Who should I contact? Since you’re not required to go to your original lender to obtain a refi under HARP 2.0, you have the option of working with any broker or bank lender. Shop around so you understand what kinds of programs lenderes are offering. If you want to make it easier, Glick suggests finding a mortgage broker who is familiar with your particular situation. “Each lender has its own quirks,” he said. “In particular, Freddie Mac has a lot of quirks in its system right now.”
Ask a trusted friend, family member, or real estate professional if they have any brokers they can recommend. Also make sure to interview more than one to find the right fit. Glick said you’ll know you’ve found a good broker when the person starts asking lots of questions about your loan. “There are a million little things they have to know, the little twists and turns,” he added. So if a broker doesn’t know enough to understand the questions she needs to ask, it’s time to move on.

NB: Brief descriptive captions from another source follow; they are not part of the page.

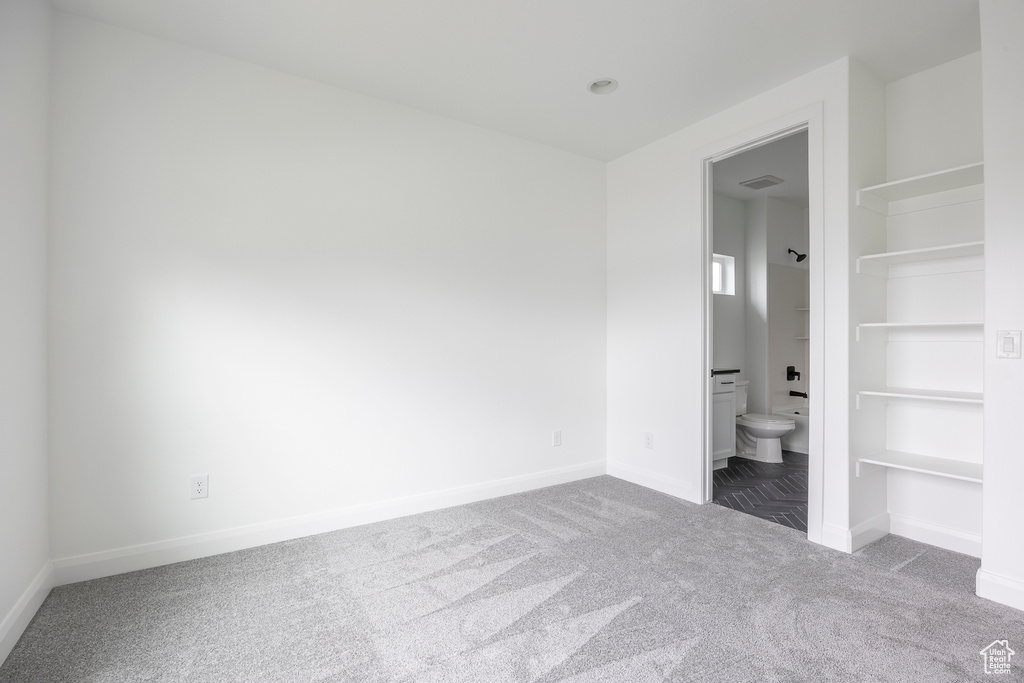 Unfurnished bedroom featuring baseboards, carpet, and ensuite bathroom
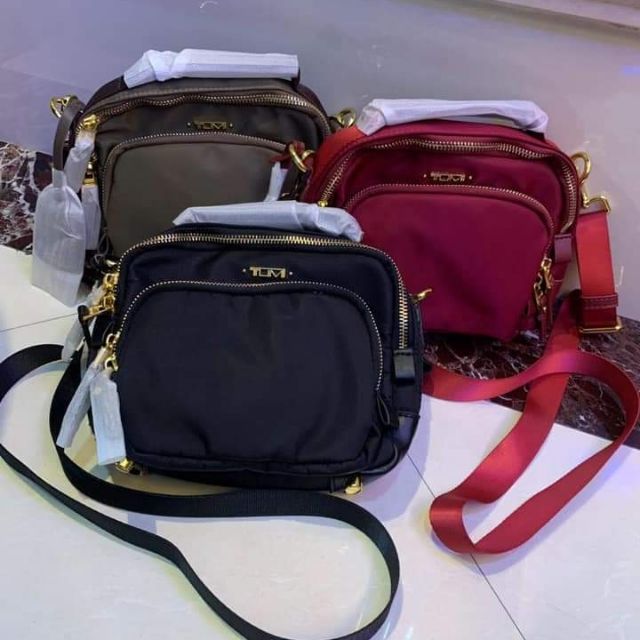 tumi sling bag ladies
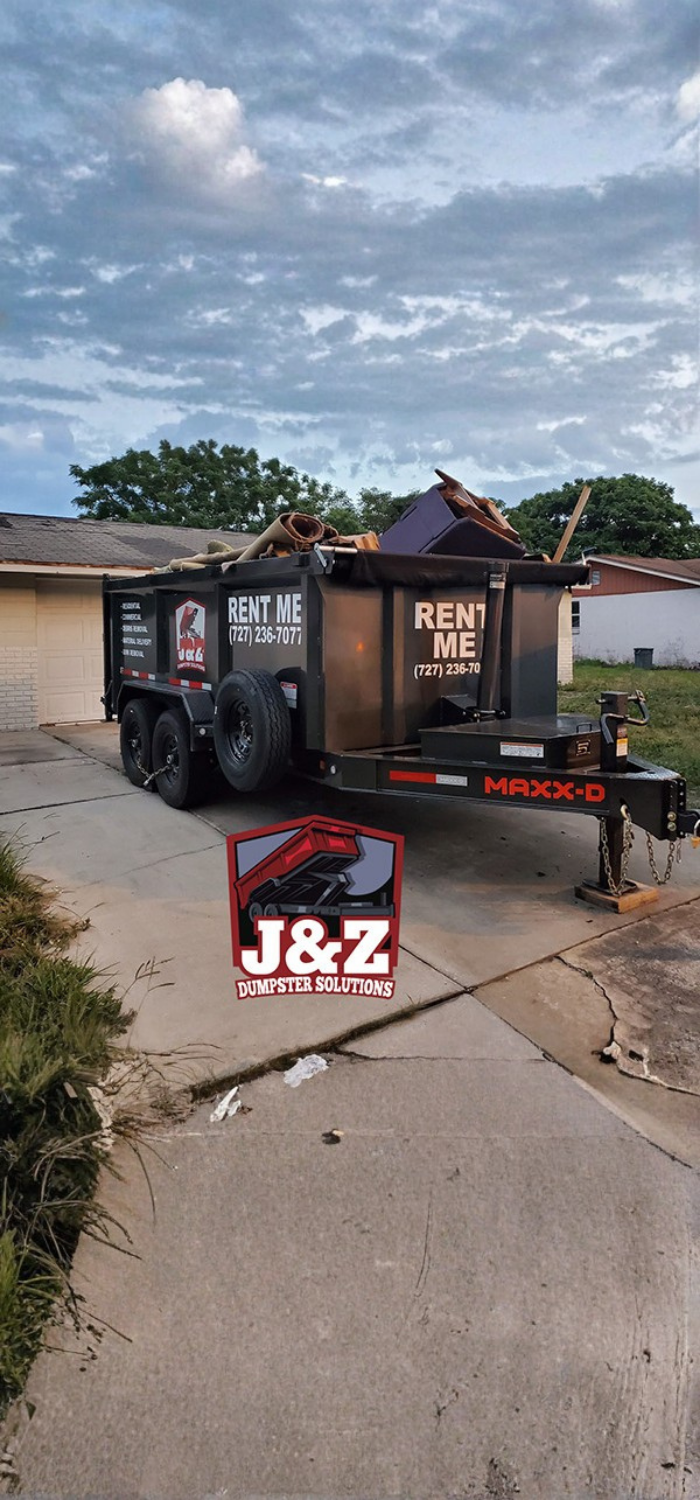 Black J&Z Dumpster Solutions trailer full of debris in a residential driveway. Black J&Z Dumpster Solutions trailer full of debris in a residential driveway.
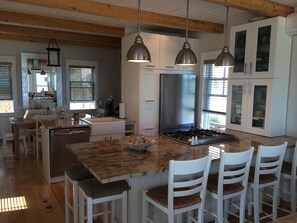 Gourmet kitchen with large dining room behind
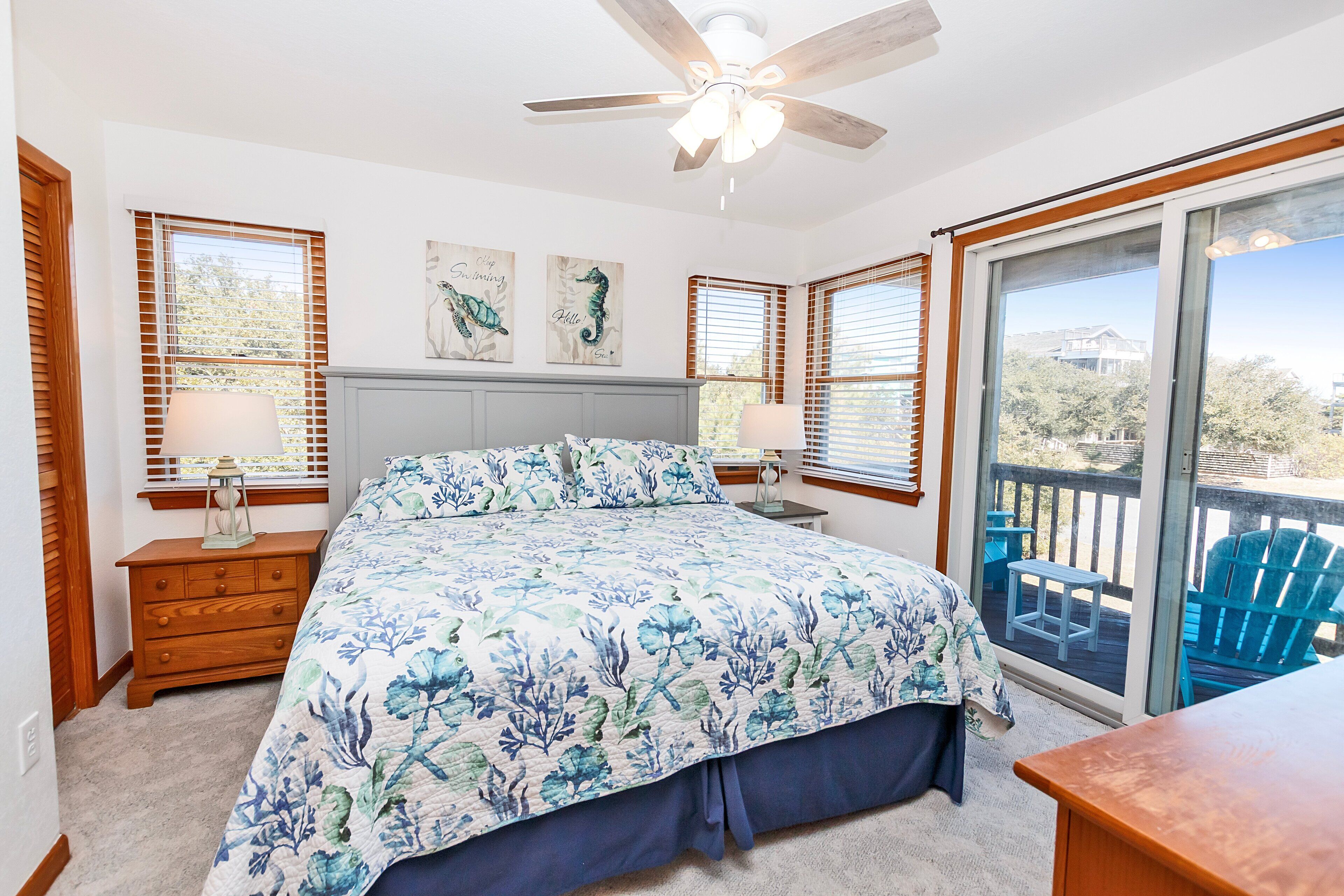 A bedroom with a bed, wooden nightstands, a ceiling fan, and large windows with blinds.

Understand that because you’re going into a HARP refinance, you won’t get the kind of interest rates you’re hearing about, like 30-year fixed-rate loans at 3.25 percent. HARP loan rates this month are generally over 4 percent.
If you feel that you were wrongly foreclosed on or received a foreclosure notice in error, go to IndependentForeclosureReview.com. If you’re a homeowner and have questions about whether you qualify for a loan modification or refinancing under HARP 2.0, contact the Homeowner’s HOPE hotline at 1-888-995-HOPE or go to MakingHomeAffordable.gov.